I have two tables order and item and I need to match orders and items and the match is given by the column match and I need to make sure the customer who orders first will receive the item first (oldest reservation date gets the product first).
Also, the company prefers to send the oldest items first i.e oldest production date;
Practical example:
order table:
user | match | reservation_date |
---|---|---|
alan | vz123 | 01/22 |
maria | vz123 | 02/22 |
doug | vz123 | 03/22 |
item table
item_id | match | production_date |
---|---|---|
X | vz123 | 03/22 |
Y | vz123 | 02/22 |
The problem is when joining by the match column (item specs) I'm getting 1-N results;
The final result I want is:
user | item_id | reservation_date | production_date | match |
---|---|---|---|---|
alan | Y | 01/22 | 02/22 | vz123 |
maria | X | 02/22 | 03/22 | vz123 |
Note that neither user nor item_id appears in the result set more than once and we are giving preferences based on dates;
- Company prefers to fulfill orders based on reservation date (oldest first)

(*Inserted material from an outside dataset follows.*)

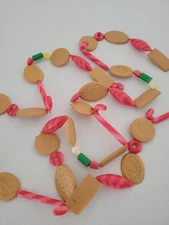 Vintage Blow Mold Christmas Garland Cookies Popcorn Candy Cane Over 8 Ft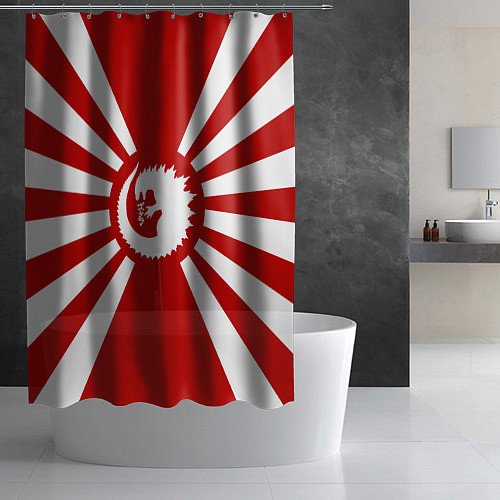 Шторка для ванной Godzilla: Japan Style / 3D-принт – фото 2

- Company prefers to sell items based on production date ("production gate date", oldest first)
Is this possible in SQL (SQL server, postgres...)?
CodePudding user response:
You can add a window function ROW_NUMBER, to determine which row of the order is relevant to the item row
One problem you need to adress, that you have to mark the rows that are already processed.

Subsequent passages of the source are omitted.